Department of Physics and Engineering
Faculty: Duke Bulanon, Joshua Griffin, Dan Lawrence, William Packard, Stephen Parke, John Stutz
The Department of Physics and Engineering teaches students to be creative problem solvers. It not only gives students a solid foundation in theory and analytical skills, but also provides hands-on training in modern software, test equipment, and fabrication equipment. The department faculty seek to instill a Christian perspective in everything done, including applying technical knowledge and skills to various Christian mission and humanitarian projects around the world. Our graduates are well prepared for a career in industry and for graduate school.
Department Learning Objectives:
1. Graduates of the department will be able to identify and explain the major theories of the fields of physics and engineering, and will be able to apply them to problems presented.
2. Graduates of the department will be able to use standard software and scientific equipment. They will be able to use these tools to design and carry out experiments or design projects.
3. Graduates of the department will be able to write a coherent technical report of a scientific or engineering nature.
4. Graduates of the department will develop a Christian perspective to the natural world, without compromising scientific principles. They will be able to use the abilities learned to positively affect the world around them.
ABET Engineering Program Educational Objectives (PEOs)
Within a few years after graduation, NNU engineering alumni will be:
1. Practicing engineering (or a related field) with professionalism, integrity, and Christian principles.

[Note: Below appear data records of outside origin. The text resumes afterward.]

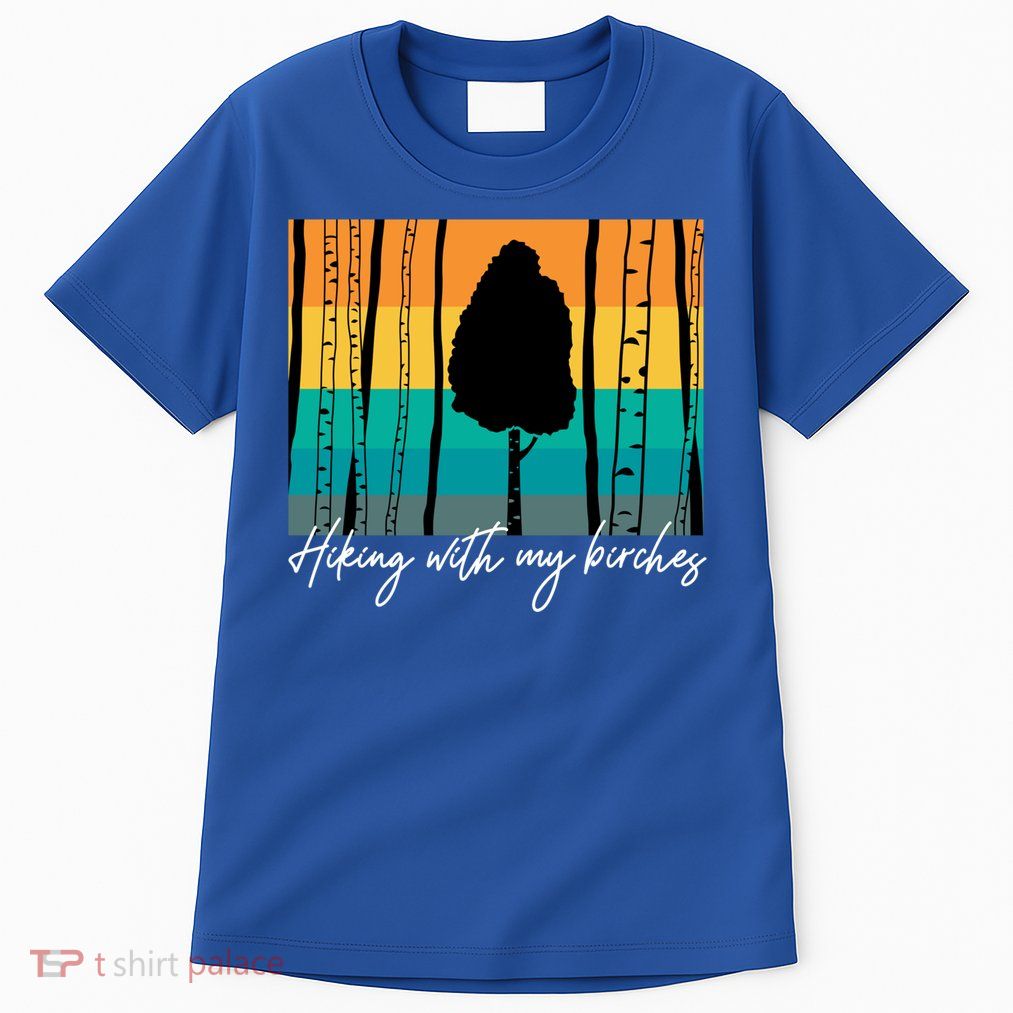 Hiking With My Birches Hilarious Campfire Hiking Funny Gift Tall T-Shirt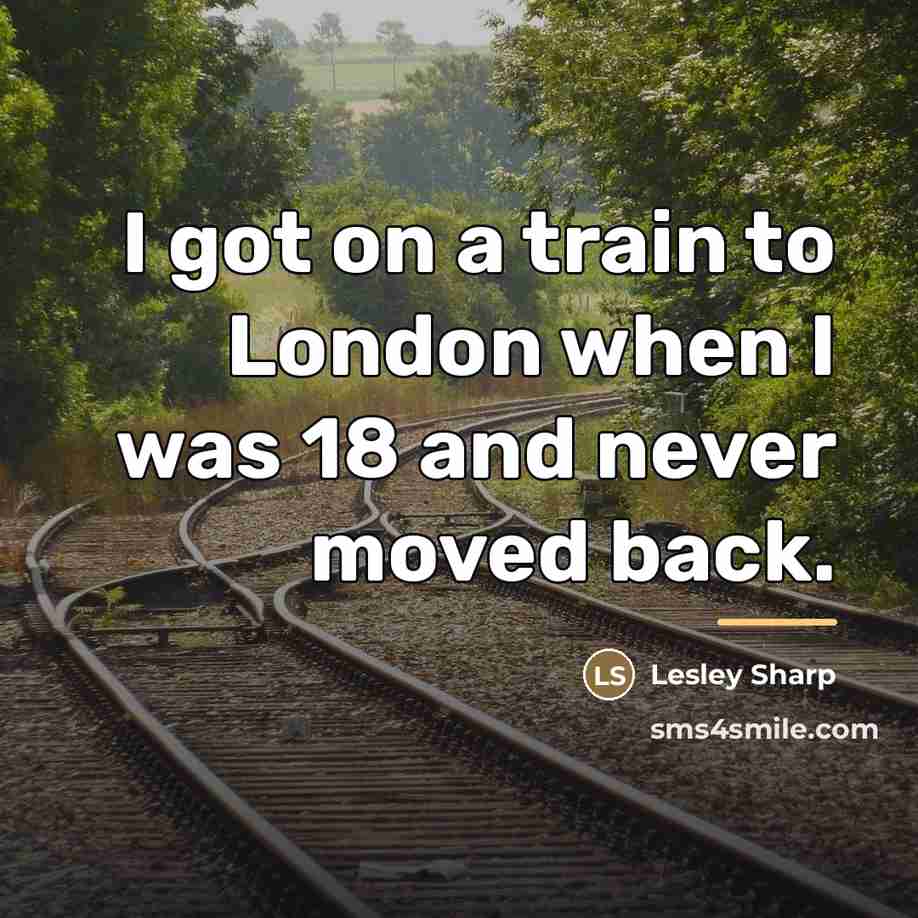 “I got on a train to London when I was…” quote by Lesley Sharp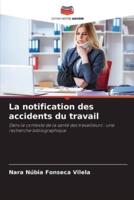 La Notification Des Accidents Du Travail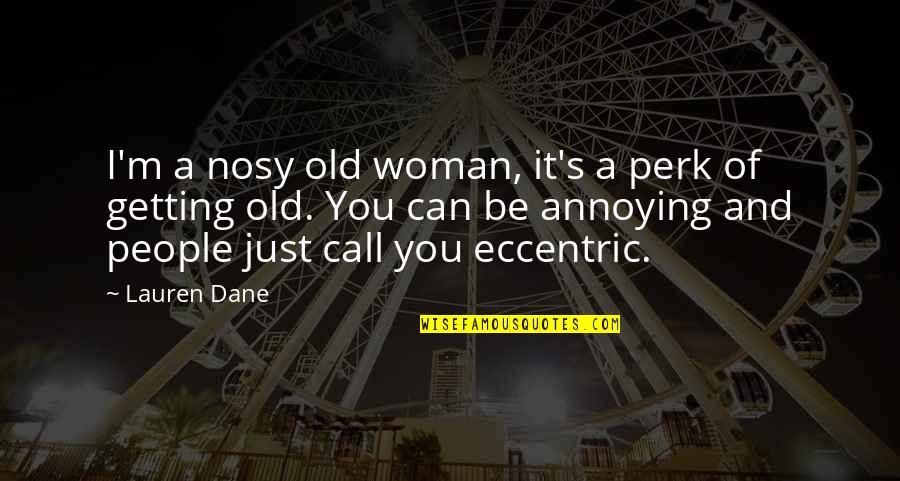 Nosy Quotes By Lauren Dane: I'm a nosy old woman, it's a perk Nosy Quotes By Lauren Dane: I'm a nosy old woman, it's a perk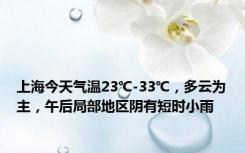 上海今天气温23℃-33℃，多云为主，午后局部地区阴有短时小雨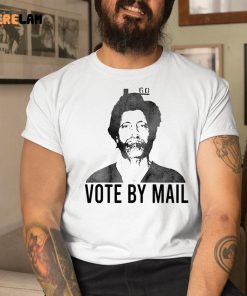 Ted Kaczynski Vote By Mail Shirt 1 1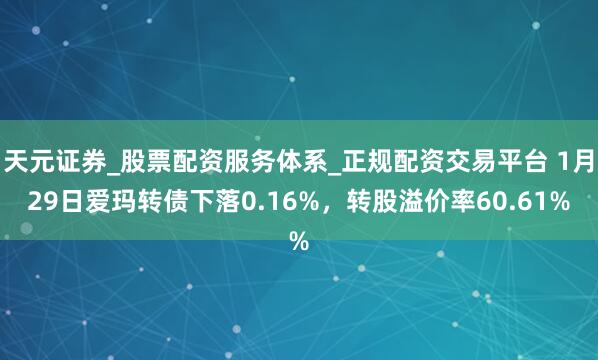 天元证券_股票配资服务体系_正规配资交易平台 1月29日爱玛转债下落0.16%，转股溢价率60.61%
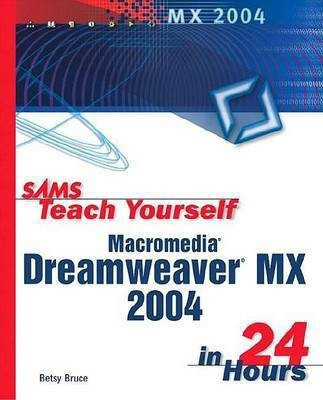 Sams Teach Yourself Macromedia Dreamweaver Mx 2004 in 24 Hours(English, Electronic book text, Bruce Betsy)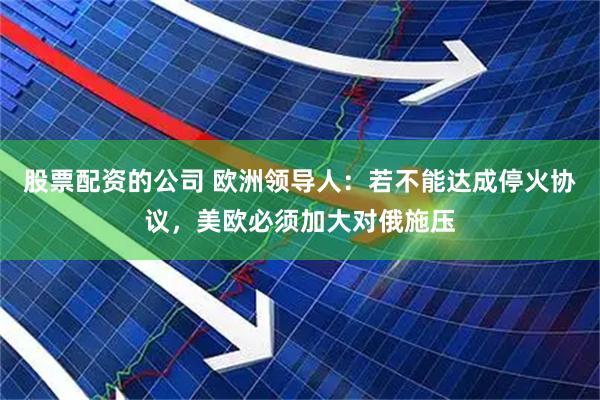 股票配资的公司 欧洲领导人：若不能达成停火协议，美欧必须加大对俄施压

2. Advancing in their career through continuous learning, leadership, and teamwork.
3. Serving their profession, the community, and God's creation.
ABET Engineering Student Outcomes (SOs)
By the time of graduation, NNU engineering students will demonstrate:
1. an ability to identify, formulate, and solve complex engineering problems by applying principles of engineering, science, and mathematics.
2. an ability to apply engineering design to produce solutions that meet specified needs with consideration of public health, safety, and welfare, as well as global, cultural, social, environmental, and economic factors.
3. an ability to communicate effectively with a range of audiences.
4. an ability to practice engineering with professionalism, ethics, and Christ-like principles, and to make informed judgments, which must consider the impact of engineering solutions in global, economic, environmental, and societal contexts.
5. an ability to function effectively on a team whose members together provide leadership, create a collaborative and inclusive environment, establish goals, plan tasks, and meet objectives.
6. an ability to develop and conduct appropriate experimentation, analyze and interpret data, and use engineering judgment to draw conclusions.
7. an ability to acquire and apply new knowledge as needed, using appropriate learning strategies.